◆ What you have to do
Among the entries below, find the line with "Alameda de Santa", then quote it and each following line up to and including the line with "Bed in Echarm", and nothing else.
··· Data under study
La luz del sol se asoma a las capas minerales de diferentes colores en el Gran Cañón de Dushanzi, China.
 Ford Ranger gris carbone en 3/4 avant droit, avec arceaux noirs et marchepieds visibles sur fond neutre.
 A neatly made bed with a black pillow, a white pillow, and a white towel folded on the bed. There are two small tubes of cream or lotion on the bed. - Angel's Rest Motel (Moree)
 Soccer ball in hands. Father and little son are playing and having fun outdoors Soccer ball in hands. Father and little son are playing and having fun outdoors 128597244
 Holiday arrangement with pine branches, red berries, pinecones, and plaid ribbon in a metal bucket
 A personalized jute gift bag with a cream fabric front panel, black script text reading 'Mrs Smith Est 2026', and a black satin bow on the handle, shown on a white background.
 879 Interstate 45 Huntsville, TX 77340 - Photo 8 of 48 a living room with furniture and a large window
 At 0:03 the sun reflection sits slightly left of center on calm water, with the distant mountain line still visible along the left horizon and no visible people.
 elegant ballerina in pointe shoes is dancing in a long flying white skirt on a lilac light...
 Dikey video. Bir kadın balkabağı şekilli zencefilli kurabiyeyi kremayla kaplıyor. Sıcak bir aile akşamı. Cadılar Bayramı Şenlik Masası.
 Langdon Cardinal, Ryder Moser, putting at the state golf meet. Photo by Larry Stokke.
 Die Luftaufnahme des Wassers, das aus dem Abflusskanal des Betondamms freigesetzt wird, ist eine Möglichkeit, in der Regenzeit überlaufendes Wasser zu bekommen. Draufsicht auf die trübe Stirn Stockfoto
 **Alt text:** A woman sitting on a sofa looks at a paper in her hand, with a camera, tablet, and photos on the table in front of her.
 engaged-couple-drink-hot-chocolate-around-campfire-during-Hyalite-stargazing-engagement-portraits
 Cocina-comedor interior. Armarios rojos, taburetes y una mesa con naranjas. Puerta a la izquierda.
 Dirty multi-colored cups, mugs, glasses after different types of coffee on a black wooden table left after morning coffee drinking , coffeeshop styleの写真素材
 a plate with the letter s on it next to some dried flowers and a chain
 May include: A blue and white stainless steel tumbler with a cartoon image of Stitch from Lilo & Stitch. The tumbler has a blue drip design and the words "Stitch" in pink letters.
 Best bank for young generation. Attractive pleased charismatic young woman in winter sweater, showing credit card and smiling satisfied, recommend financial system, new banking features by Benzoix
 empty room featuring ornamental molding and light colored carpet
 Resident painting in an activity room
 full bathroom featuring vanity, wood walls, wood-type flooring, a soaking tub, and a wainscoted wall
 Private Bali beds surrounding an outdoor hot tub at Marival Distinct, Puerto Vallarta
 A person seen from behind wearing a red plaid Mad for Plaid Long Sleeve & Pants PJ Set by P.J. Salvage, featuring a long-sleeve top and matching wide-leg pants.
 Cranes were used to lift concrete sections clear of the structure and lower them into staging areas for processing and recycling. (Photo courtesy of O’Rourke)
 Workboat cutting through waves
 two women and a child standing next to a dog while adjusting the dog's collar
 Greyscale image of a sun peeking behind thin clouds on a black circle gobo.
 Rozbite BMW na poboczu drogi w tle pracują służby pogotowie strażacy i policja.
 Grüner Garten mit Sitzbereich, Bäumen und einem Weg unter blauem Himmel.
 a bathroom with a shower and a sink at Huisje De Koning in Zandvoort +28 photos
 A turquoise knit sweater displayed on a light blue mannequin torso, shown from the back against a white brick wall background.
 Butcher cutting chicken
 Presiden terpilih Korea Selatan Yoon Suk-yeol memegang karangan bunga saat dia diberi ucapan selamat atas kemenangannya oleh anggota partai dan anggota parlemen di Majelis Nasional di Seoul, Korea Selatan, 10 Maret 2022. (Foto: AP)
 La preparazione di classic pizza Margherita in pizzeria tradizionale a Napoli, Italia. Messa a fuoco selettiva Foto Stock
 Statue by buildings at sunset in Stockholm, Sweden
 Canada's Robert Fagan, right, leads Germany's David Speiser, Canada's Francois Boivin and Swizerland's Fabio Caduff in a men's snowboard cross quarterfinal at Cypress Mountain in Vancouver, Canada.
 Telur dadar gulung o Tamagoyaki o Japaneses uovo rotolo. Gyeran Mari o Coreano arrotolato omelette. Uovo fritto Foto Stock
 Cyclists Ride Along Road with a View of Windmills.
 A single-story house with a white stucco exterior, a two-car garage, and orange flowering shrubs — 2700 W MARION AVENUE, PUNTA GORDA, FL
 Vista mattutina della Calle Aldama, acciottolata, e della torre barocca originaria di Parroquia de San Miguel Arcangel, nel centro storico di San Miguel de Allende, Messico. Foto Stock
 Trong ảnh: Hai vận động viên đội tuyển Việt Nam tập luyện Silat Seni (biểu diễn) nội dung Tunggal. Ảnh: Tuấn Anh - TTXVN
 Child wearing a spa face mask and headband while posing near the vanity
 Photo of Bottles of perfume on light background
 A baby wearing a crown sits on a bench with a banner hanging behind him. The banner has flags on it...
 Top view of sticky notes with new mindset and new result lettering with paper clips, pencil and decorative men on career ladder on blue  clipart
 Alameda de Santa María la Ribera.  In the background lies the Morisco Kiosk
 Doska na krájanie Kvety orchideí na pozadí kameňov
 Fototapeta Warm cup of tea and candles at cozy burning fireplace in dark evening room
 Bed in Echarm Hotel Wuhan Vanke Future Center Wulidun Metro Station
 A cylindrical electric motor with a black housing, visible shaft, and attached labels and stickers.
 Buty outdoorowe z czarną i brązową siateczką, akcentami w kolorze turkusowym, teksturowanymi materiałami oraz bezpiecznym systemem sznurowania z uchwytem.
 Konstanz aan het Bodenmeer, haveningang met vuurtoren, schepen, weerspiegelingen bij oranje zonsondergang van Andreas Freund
······
◆ Result for this exercise
 Alameda de Santa María la Ribera.  In the background lies the Morisco Kiosk
 Doska na krájanie Kvety orchideí na pozadí kameňov
 Fototapeta Warm cup of tea and candles at cozy burning fireplace in dark evening room
 Bed in Echarm Hotel Wuhan Vanke Future Center Wulidun Metro Station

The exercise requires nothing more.